XIIIe s. Sains Bernars dit : mieus vaut troble or que reluisant coivre [cuivre], Latini, Trésor, p. 339. Qui autrui veut metre en guerre par paroles, il ne les doit pas dire tourbles ne couvertes, mais si cleres et si apertes…, Beaumanoir, LIX, 9. Le flum [le Nil] est touzjours trouble, Joinville, 220.

XVe s. … Au cas que ses besognes fussent claires ; mais à present tous ceux qui le connoissent… savent bien qu'elles sont troubles, Froissart, II, III, 91. Comment se repent-il [l'homme mûr] et repute avoir esté fol… or voit il cler es choses troubles, Christine de Pisan, Charles V, I, 13. Morne et pensif, trop plus que je souloye, J'y voy trouble…, Orléans, Rondel de Jehan Caillau.

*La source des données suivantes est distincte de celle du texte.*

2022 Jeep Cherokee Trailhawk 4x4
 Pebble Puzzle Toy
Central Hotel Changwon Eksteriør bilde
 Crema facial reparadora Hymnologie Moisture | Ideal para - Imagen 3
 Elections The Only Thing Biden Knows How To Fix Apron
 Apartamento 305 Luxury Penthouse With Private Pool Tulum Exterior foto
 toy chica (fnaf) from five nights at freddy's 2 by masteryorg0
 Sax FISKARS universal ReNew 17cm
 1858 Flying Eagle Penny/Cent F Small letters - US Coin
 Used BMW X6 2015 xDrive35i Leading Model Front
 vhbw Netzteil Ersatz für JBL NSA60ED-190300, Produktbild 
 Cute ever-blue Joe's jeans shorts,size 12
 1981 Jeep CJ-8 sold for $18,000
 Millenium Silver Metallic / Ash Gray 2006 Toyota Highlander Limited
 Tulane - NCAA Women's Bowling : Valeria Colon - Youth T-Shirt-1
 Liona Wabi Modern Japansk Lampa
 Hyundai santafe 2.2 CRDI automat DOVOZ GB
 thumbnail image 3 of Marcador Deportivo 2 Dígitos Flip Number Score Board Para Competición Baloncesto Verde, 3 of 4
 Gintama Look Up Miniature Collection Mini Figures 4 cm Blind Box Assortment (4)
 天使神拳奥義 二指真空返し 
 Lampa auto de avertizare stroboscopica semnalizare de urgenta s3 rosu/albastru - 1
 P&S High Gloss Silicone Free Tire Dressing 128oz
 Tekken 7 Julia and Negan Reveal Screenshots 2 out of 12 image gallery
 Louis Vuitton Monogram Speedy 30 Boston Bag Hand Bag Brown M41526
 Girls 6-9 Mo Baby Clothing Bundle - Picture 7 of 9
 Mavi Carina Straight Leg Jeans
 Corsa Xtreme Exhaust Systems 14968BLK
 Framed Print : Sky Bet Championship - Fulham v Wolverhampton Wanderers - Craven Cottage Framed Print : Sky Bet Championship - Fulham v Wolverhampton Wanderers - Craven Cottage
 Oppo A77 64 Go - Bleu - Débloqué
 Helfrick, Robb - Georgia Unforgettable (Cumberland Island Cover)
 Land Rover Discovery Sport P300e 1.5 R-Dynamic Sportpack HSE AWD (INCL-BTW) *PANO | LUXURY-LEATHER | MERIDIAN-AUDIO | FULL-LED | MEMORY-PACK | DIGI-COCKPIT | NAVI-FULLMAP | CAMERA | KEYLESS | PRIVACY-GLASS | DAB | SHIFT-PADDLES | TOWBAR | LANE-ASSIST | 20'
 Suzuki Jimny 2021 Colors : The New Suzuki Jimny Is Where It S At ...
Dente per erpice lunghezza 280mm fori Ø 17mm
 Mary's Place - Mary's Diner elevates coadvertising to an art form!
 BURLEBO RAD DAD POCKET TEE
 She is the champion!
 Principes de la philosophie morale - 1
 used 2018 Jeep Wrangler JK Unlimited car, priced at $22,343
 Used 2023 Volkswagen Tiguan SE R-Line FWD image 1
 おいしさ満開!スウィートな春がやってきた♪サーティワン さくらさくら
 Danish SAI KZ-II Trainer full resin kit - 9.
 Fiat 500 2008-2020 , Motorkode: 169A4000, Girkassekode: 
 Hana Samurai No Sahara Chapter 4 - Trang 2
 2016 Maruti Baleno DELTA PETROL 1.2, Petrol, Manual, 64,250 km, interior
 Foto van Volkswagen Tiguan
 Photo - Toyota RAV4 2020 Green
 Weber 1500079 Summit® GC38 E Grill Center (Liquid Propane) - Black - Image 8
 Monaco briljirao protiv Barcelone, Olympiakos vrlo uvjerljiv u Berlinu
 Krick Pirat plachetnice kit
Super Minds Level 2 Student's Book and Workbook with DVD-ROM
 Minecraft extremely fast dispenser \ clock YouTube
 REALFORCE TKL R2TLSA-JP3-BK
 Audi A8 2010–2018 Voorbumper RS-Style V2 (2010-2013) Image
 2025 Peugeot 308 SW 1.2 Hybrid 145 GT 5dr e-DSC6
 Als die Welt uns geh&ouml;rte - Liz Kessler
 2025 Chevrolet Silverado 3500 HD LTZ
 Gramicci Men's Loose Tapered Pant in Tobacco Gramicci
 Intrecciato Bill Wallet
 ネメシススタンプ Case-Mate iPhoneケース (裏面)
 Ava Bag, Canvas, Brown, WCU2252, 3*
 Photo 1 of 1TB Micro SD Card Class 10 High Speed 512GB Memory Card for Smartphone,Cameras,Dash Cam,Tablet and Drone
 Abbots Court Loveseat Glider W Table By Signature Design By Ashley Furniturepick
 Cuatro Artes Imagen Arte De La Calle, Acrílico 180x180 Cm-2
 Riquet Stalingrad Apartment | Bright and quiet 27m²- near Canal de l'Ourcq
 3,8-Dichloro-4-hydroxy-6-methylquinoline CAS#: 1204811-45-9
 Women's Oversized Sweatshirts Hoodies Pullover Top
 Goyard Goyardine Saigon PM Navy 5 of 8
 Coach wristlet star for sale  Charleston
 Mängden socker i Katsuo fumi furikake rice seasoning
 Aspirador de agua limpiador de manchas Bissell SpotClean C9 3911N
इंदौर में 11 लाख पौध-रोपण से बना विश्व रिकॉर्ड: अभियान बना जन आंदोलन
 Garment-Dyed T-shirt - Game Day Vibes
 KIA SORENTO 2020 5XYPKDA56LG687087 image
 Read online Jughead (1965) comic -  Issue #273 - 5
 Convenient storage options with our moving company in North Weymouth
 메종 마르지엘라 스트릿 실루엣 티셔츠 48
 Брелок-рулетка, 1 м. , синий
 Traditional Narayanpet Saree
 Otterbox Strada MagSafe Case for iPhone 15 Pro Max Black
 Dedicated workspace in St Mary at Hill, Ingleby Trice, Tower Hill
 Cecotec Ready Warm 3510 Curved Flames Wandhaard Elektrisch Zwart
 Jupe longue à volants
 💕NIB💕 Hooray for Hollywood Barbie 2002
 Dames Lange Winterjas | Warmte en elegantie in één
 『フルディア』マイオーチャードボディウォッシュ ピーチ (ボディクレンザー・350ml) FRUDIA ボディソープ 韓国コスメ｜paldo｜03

Et se mirent en bataille à venir vers le dict Puiset, et faisoit encore si trouble que à peine congnoissoit-on l'un l'autre, Juvénal Des Ursins, Charles VI, 1411.

XVIe s. Cette mer vaste, trouble et ondoyante des opinions humaines, Montaigne, II, 256. L'œil de notre entendement voit si trouble que…, Calvin, Instit. 273.

ÉTYMOLOGIE

Adjectif formé de trouble 1 ; provenç. troble, treble.